Weight initialisation on custom Model

Prakhar_Sharma · August 16, 2022, 12:07pm

I constructed a custom model which looks like this (open the figure in a new tab). It is a combination of multiple classes.

The figure shows a single custom hidden layer (everything in between the input and output).

Finally I created a object using

DGM_model = DGMArch(len(input_tensor), len(output_tensor))

I wanted to implement Glorot normal initialisation (torch.nn.init.xavier_uniform_() ). But the DGM_model.weight is not available.

I can implement this by iterating over each parameter using this article.

How do I implement this inside the __init__() function of the DGMArch class? Here is my weight initialisation code for sequential models.

for i in range(len(layers)-1):
            
            # weights from a normal distribution with 
            # Recommended gain value for tanh = 5/3?
            nn.init.xavier_normal_(self.linears[i].weight.data, gain=1.0)
            
            # set biases to zero
            nn.init.zeros_(self.linears[i].bias.data)

ptrblck · August 16, 2022, 6:07pm

You would have to access the right layers inside the model as e.g.:

torch.nn.init.xavier_uniform_(DGM_model.layer.weight)

where DGM_model.layer is accessing the nn.Module which you can then use to access the internal parameters of this layer via .weight and .bias.

Prakhar_Sharma · August 17, 2022, 5:41pm

I wanted to implement the function within the DGM-model class. This is how I got this done.

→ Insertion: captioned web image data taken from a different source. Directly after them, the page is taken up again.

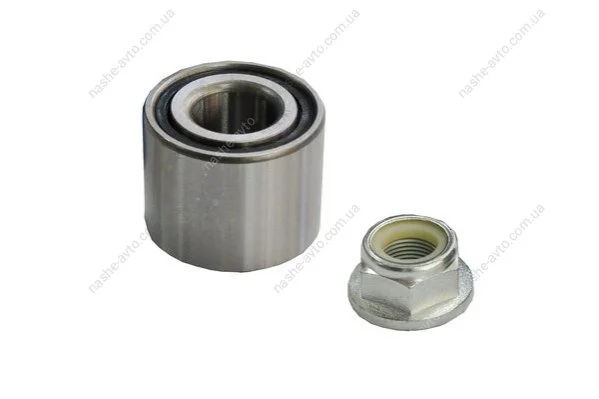 Подшипник ступицы задн Renault Logan, Clio (04-), Laguna, Kangoo (97-), Sandero (08-) (седан) Asam ASAM 30839 (фото 1)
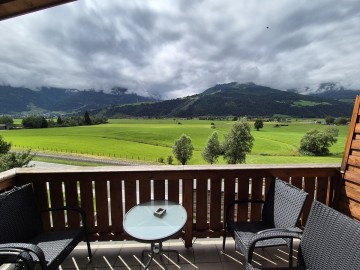 Velký apartmán na prodej u Zell am See a Kaprunu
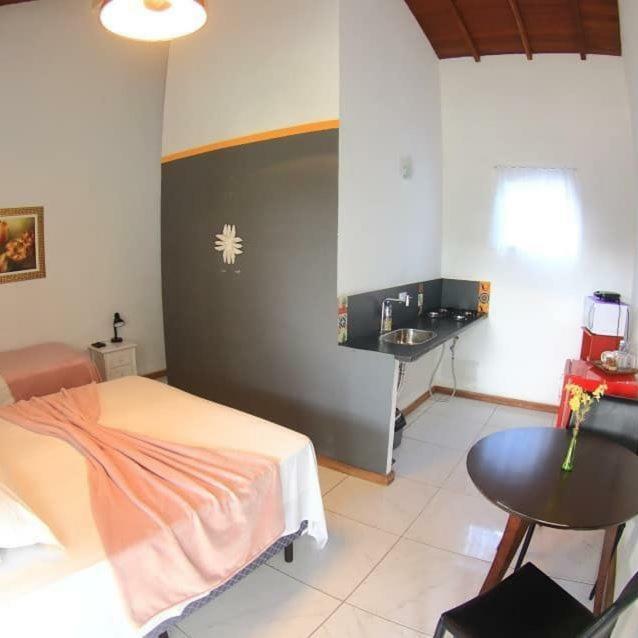 Suites Vida Mansa Maresias Exterior foto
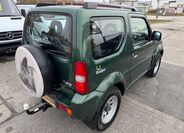 Suzuki Jimny 5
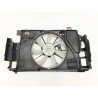 Recambio de electroventilador para toyota yaris (_p13_) 1.5 hybrid (nhp130_) referencia OEM IAM   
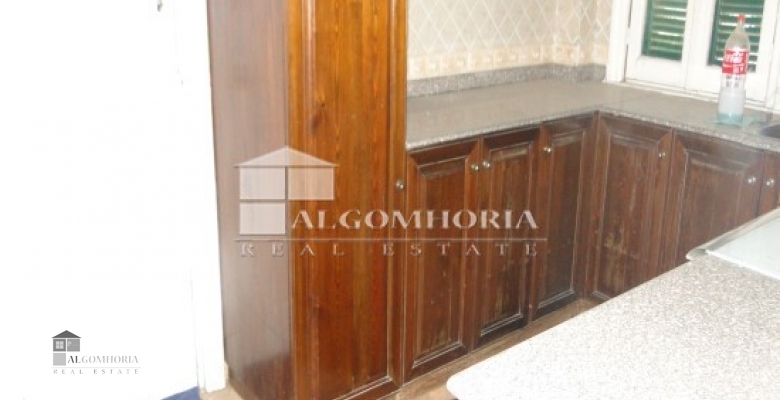Furnished Apartment for rent 0.00 M2 in Giza, Agouza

for l in range(nr_layers): # creating the DGM arch by appending all DGM layers
    self.layers.append(DGMLayer(d_in, layer_size, activation_fn, weight_norm)) # creates one DGM cell
        
    # difference between nn.Sequential and nn.Module: https://discuss.pytorch.org/t/when-should-i-use-nn-modulelist-and-when-should-i-use-nn-sequential/5463/9
    # basically, nn.Sequential is more tailored.
        self.layers = nn.Sequential(*self.layers) # for the last layer  # pass layers to nn.Sequential
        
    # Initialising custom weights
    if isinstance(self, nn.Linear): # for each weights matrix
        torch.nn.init.xavier_uniform_(self.weight)